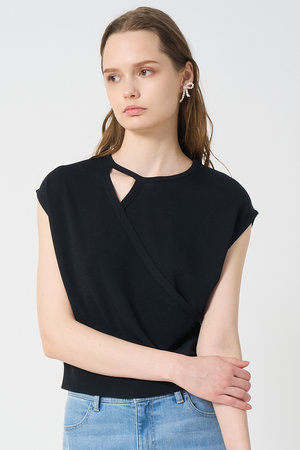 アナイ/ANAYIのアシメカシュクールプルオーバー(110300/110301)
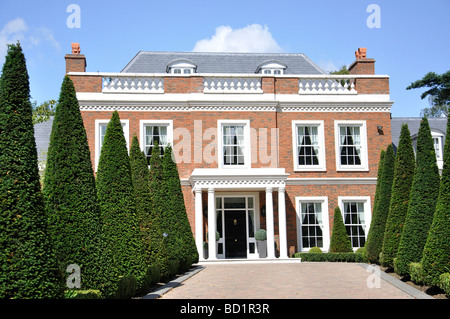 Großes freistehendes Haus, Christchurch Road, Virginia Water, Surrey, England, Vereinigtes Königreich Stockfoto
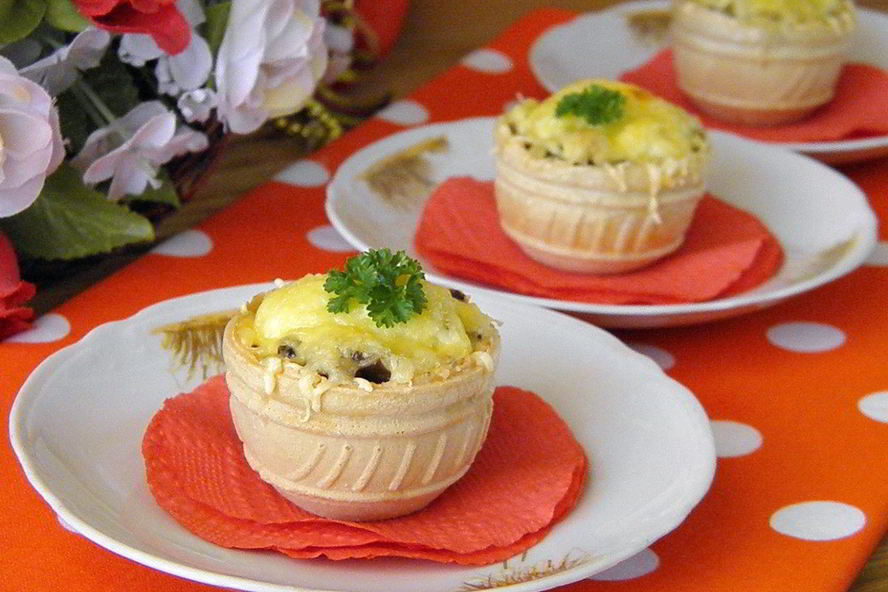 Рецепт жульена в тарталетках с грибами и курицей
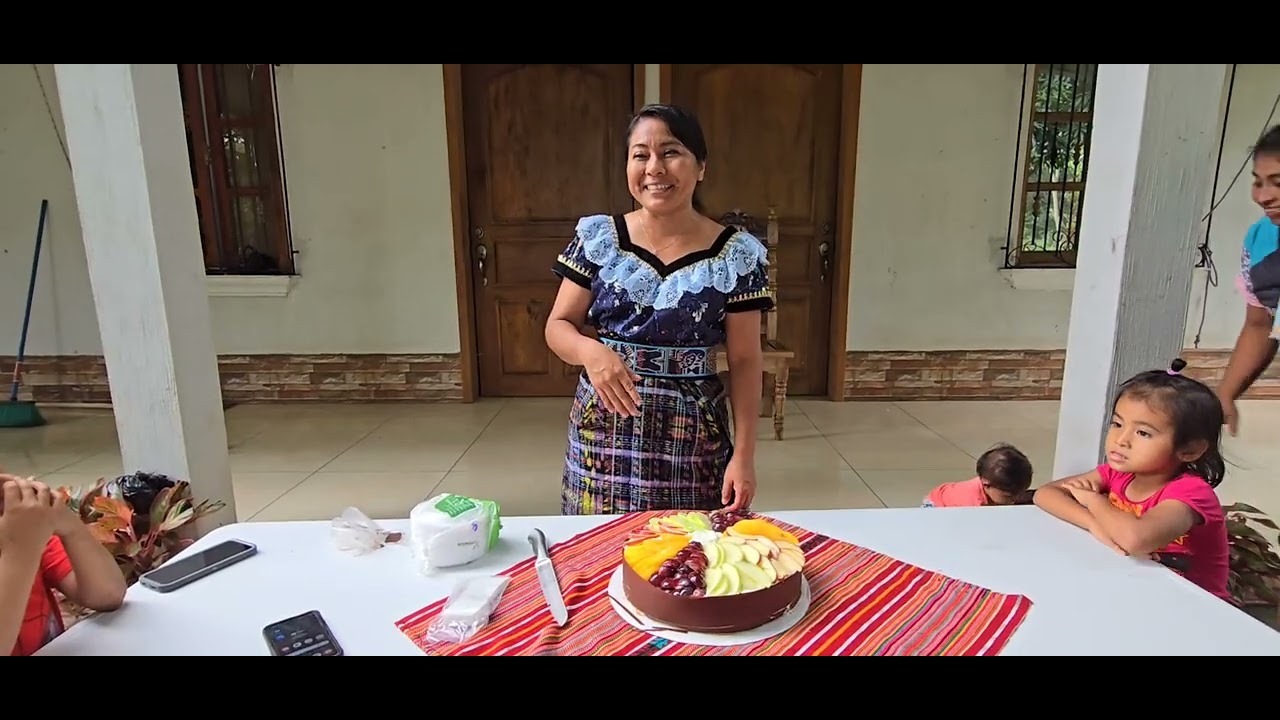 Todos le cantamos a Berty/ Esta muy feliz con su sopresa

****************************************

Recreate the listing above word for word, dropping each picture it contains.

### Output of the task
 アナイ/ANAYIのアシメカシュクールプルオーバー(110300/110301)
 Großes freistehendes Haus, Christchurch Road, Virginia Water, Surrey, England, Vereinigtes Königreich Stockfoto
 Рецепт жульена в тарталетках с грибами и курицей
 Todos le cantamos a Berty/ Esta muy feliz con su sopresa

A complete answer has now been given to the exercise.